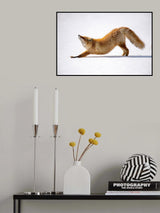 Melting Heart (Anahatasana) Poster och Canvastavla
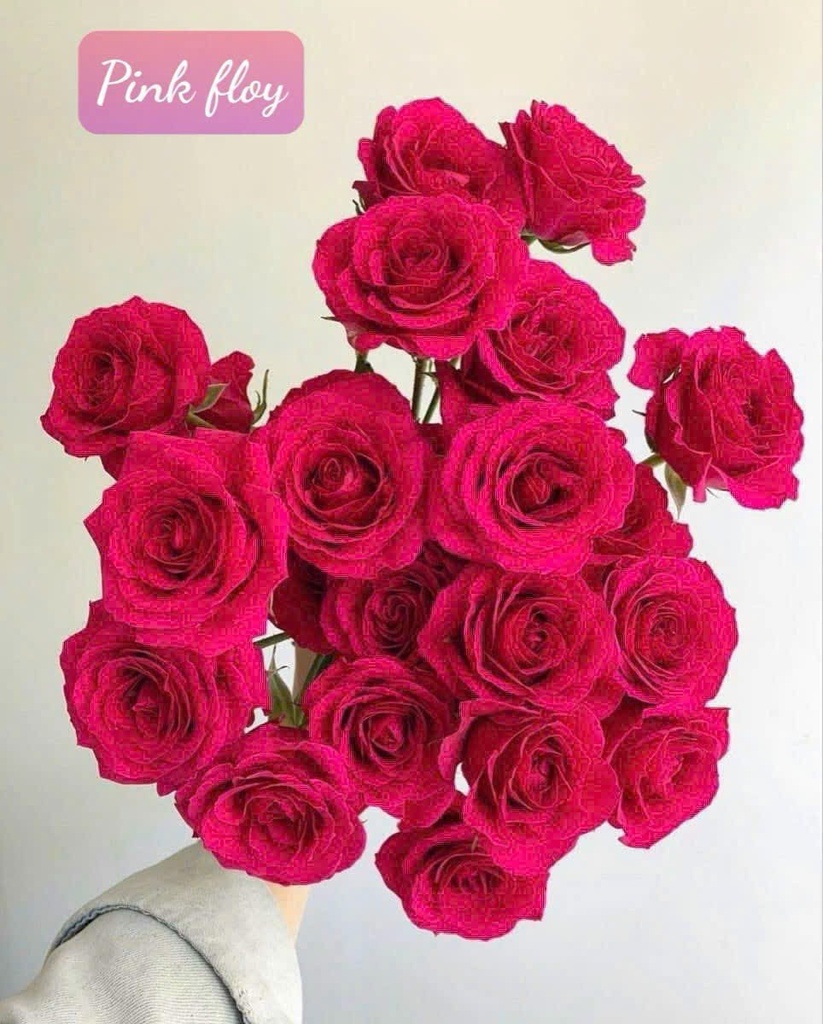 Hoa hồng Pink Loy (50 bông/bó)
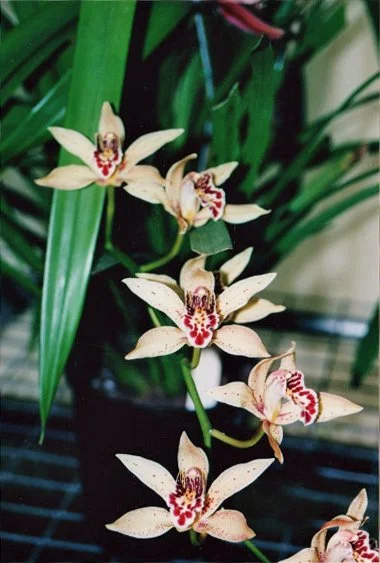 Cym. Iridae (parishii var. sanderae FCC/RHS X iridioides) (photo courtesy of Nado Lenkic)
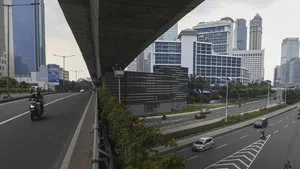PPKM Darurat, Jalan Panjang Meredam Corona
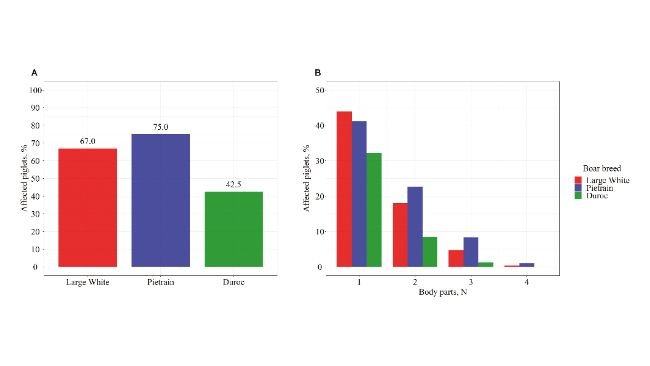 Porcentagem de leitões de cada raça de reprodutor com ao menos uma parte do corpo afetada por SINS (A) e porcentagem de leitões afetados por SINS de acordo com o número de partes do corpo afetadas e a raça do reprodutor (B).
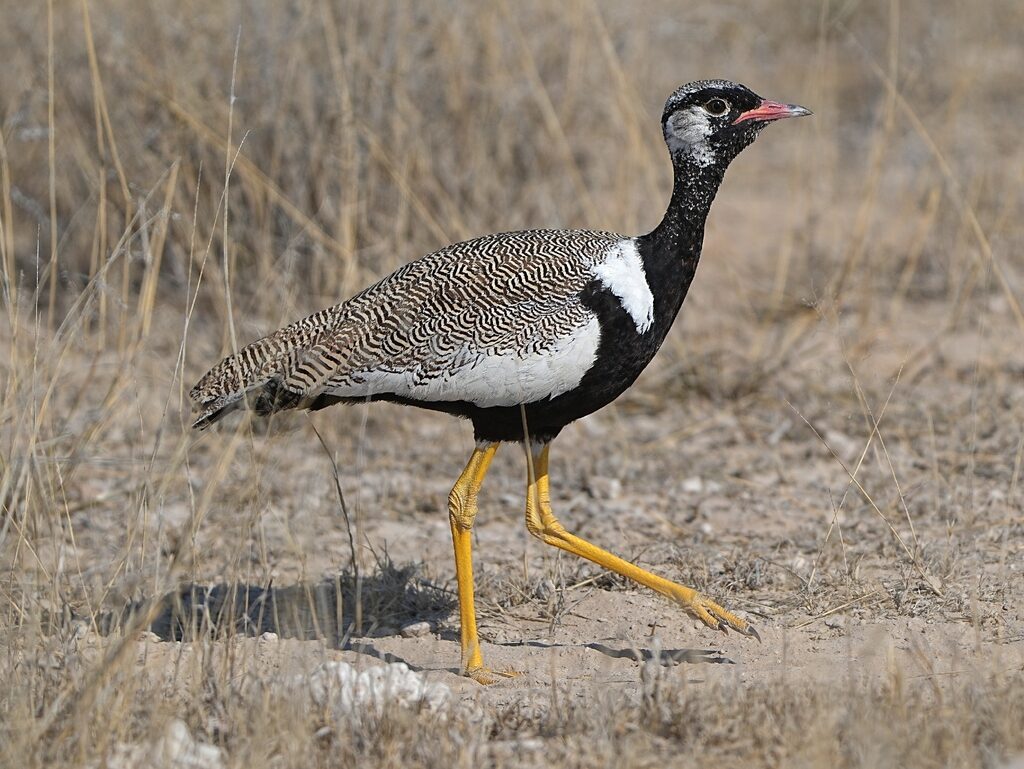 Northern Black Korhaan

> **Task statement**
Would you give the entries above again verbatim, omitting the images they contain?

> **Answer**
 Melting Heart (Anahatasana) Poster och Canvastavla
 Hoa hồng Pink Loy (50 bông/bó)
 Cym. Iridae (parishii var. sanderae FCC/RHS X iridioides) (photo courtesy of Nado Lenkic)
PPKM Darurat, Jalan Panjang Meredam Corona
 Porcentagem de leitões de cada raça de reprodutor com ao menos uma parte do corpo afetada por SINS (A) e porcentagem de leitões afetados por SINS de acordo com o número de partes do corpo afetadas e a raça do reprodutor (B).
 Northern Black Korhaan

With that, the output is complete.